Paul Forrest of WMEF is certain about the importance of steel-making in the UK. “Steel is a foundation industry, central to huge range of manufacturing in the West Midlands and elsewhere,” he told UNITElive.


“Its key importance is why, for example, the Germans nurture their steel industry so much.


High quality steel

“To make high quality precision components, you need high quality steel. UK steel is made with less than one per cent impurities, that is incredible, but that is what is needed.


“Our manufacturing base demands high spec components for aerospace, automotive and nuclear generation. You can’t deliver precision components with weaker quality steel.


“One of the great tragedies of the loss of Consett, for example, was the blow to our producing steel of high enough quality for nuclear energy components.

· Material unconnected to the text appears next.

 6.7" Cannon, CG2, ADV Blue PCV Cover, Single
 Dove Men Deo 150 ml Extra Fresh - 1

But a whole range of manufacturing might suffer without a healthy UK steel industry.


“If our manufacturers can’t get sufficient quantities of high quality steel from the UK then they have to get it from further away. That pushes up costs, reduces the ability to respond quickly and eats away at any competitive advantage.”


The forum estimates that around 30,000 people in the West Midlands are directly employed in metals production, fabrication machining, manufacturing and vehicle manufacturing.  But with another 160,000 jobs linked to steel supply in some way, it is not just a “steel crisis” says Forrest.

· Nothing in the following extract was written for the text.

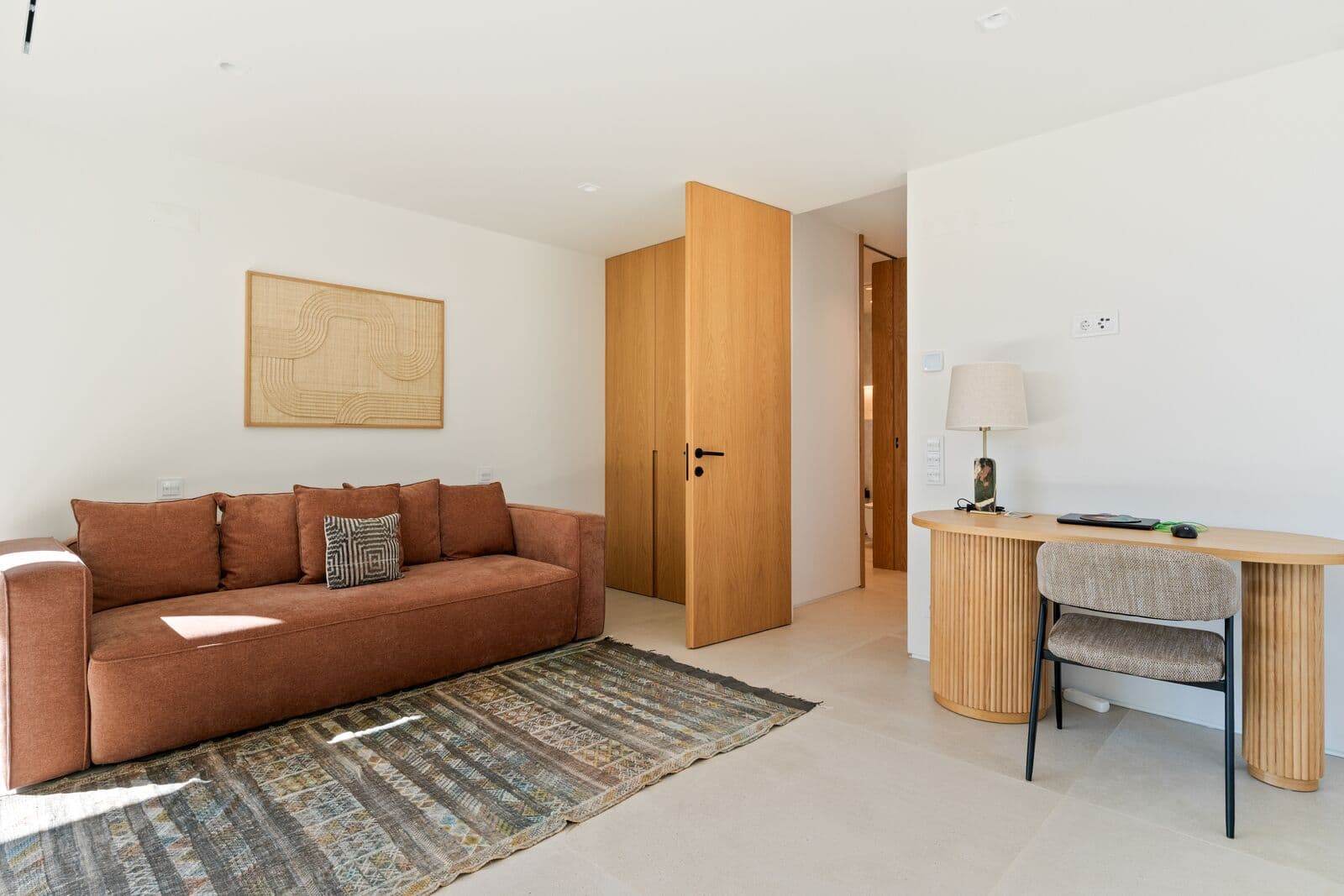 Moradia Isolada T5 com piscina, Birre, Cascais - Imagem 32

“Our manufacturing base is still highly competitive and plays a major and under-estimated role in our economy. Policy makers must be clear steel is a key part of the complex eco-system that sustains and nourishes our manufacturing base.”


Manufacturing and steelmaking have been hit by the jump in the value of sterling against the euro and the Chinese yuan. The euro zone countries devalued their currency by printing more money –quantitative easing – giving them a competitive advantage against the UK.


The Chinese appear to be in a ‘currency war’ devaluing their currency against a range of others to make their goods cheaper.


The Bank of England’s long-running warnings over two years that it might push up UK interests rates has also artificially pushed up the value of sterling making imports cheaper and what we sell abroad more expensive.


Forrest says manufacturers and steelmakers need greater currency predictability.


“It might take 18 months of an export drive to get your first sale. In that time the value of currency could have swung against you, putting you in trouble.



“A fixed exchange is not going to happen but we need a monetary and fiscal policy which produces a more predictable exchange rate. The strength of the pound has had a real impact on UK steelmakers and manufacturers.


“Massive Chinese over-capacity in steel is not going to last forever. When China’s economy makes the transition from investment focussed to consumer focussed – as it will – their steel exports will diminish rapidly.


“Steelmakers need energy prices to be addressed. In Germany intensive industrial users of energy pay half the price of UK steelmakers, the reality is that needs to be addressed quickly.”


The Forum has a range of proposals to assist the steel industry from accessing EU funds for training and skills, to offering help to exporters hit by the strength of the pound.


Strategy for steel

It adds up to having a strategy for steel, but also by implication, for manufacturing. That isn’t lost on Unite assistant general secretary Tony Burke.


“It is very obvious there needs to be a co-ordinated government strategy. And it is obvious we are addressing a steel crisis which could have a domino effect across manufacturing.


“The government needs to wake up to the risks which are emerging. It must move on from listing what it can’t or doesn’t want to do, to focussing on what it must do to protect and rebuild our steel industry.”


Gerard Coyne, Unite West Midlands regional secretary said the Forum highlighted the importance of steel to West Midlands manufacturing as a whole.


“No one is saying that 160,000 jobs are under threat, but they can certainly be undermined by the government being too narrow-minded or unwilling to act.


“What happened at Caparo came out of the blue and was devastating news. But it highlights that there may not be proper awareness of the number of jobs potentially ‘at risk’.”